United States Court of Appeals, Seventh Circuit

August 30, 2013

Riley J. Wilson, on behalf of himself and all others similarly situated, Plaintiff-Appellant,
v.
Career Education Corporation, Defendant-Appellee.

Argued December 3, 2012.

Appeal from the United States District Court for the Northern District of Illinois, Eastern Division. No. 11 C 5453 — Geraldine Soat Brown, Magistrate Judge.

Before Wood and Hamilton, Circuit Judges, and Darrow, District Judge. [*]

PER CURIAM.

Riley Wilson worked as an admissions representative for Career Education Corporation (CEC), recruiting students to enroll in CEC's culinary arts college. Until February 2011, Wilson and his fellow admissions representatives worked under a contract (called the Plan) that gave them a bonus for each student they recruited, above a definite threshold, who either completed a full course or a year of study. In October 2010, however, the U.S. Department of Education (ED) issued regulations prohibiting this kind of arrangement; its new rules were scheduled to take effect in July 2011. CEC decided in effect to advance the effective date to February 2011, and pursuant to that decision, it announced to its admissions representatives that it would cease paying bonuses at the end of February 2011. It further stated that no bonuses would be regarded as earned by that date unless the student in question had completed the year of study or course by that time. Wilson sued, asserting that CEC owed him bonuses for his "pipeline" students—that is, those whom he had recruited and who were on target to complete a full course or year of study between March and June 2011. The district court found that he had failed to state a claim upon which relief could be granted and thus dismissed the action. See Fed.R.Civ.P. 12(b)(6).

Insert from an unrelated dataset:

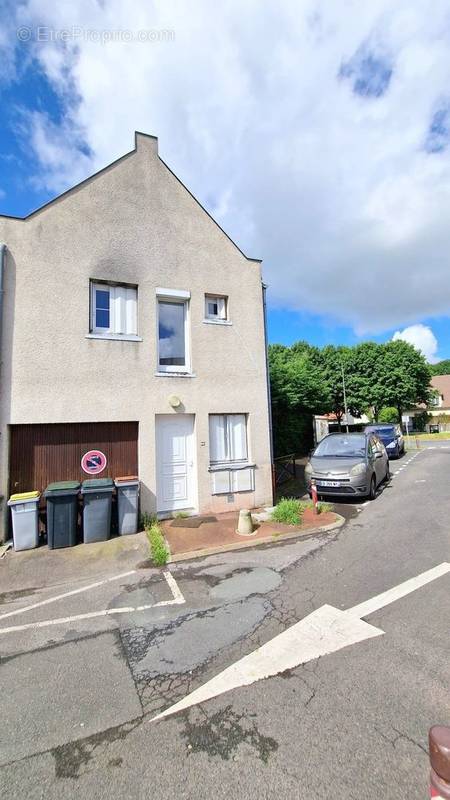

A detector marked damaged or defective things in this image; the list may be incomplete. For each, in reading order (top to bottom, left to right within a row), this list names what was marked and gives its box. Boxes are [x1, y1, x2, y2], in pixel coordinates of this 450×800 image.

cracked pavement [0, 446, 448, 796]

On appeal, Wilson presents several grounds for reversal: (1) he argues that CEC breached its contract with him and his fellow admissions representatives; (2) he argues that CEC was unjustly enriched by his efforts to enroll qualifying students and that it should be required to disgorge the bonuses that it wrongfully withheld; and (3) he argues that CEC violated the implied covenant of good faith and fair dealing—implicit in the contract—when it terminated the agreement.

I

We begin by setting forth the factual and procedural background of the case in more detail. Although Wilson had worked for CEC since October 2008, his claim in this case concerns only students that he enrolled during the second and third quarters of 2010. The Plan in effect during 2010 provided that a representative did not earn a bonus until the student in question had completed one year or a full course of study:

For a particular student to be counted towards supplemental compensation for an admissions representative, the student must successfully complete either his/her academic program, or one academic year of his/her program, whichever is shorter, within the applicable evaluation period as defined below. The admissions representative will earn supplemental compensation of $400 for each such student beyond the thresholds specified in the representative's Minimum Performance Goals for number of graduates or number of students who complete one academic year of their program ("MPG Threshold").
For example, for students an admissions representative is on record for enrolling who start their academic program at any time during the first quarter of 2010, the admissions representative will earn supplemental compensation of $400 for each such student above the employee's MPG Threshold who successfully completes his/her academic pro- gram, or one academic year of his/her academic program, whichever is shorter, during the evaluation period that extends from October 1, 2010 through June 30, 2011.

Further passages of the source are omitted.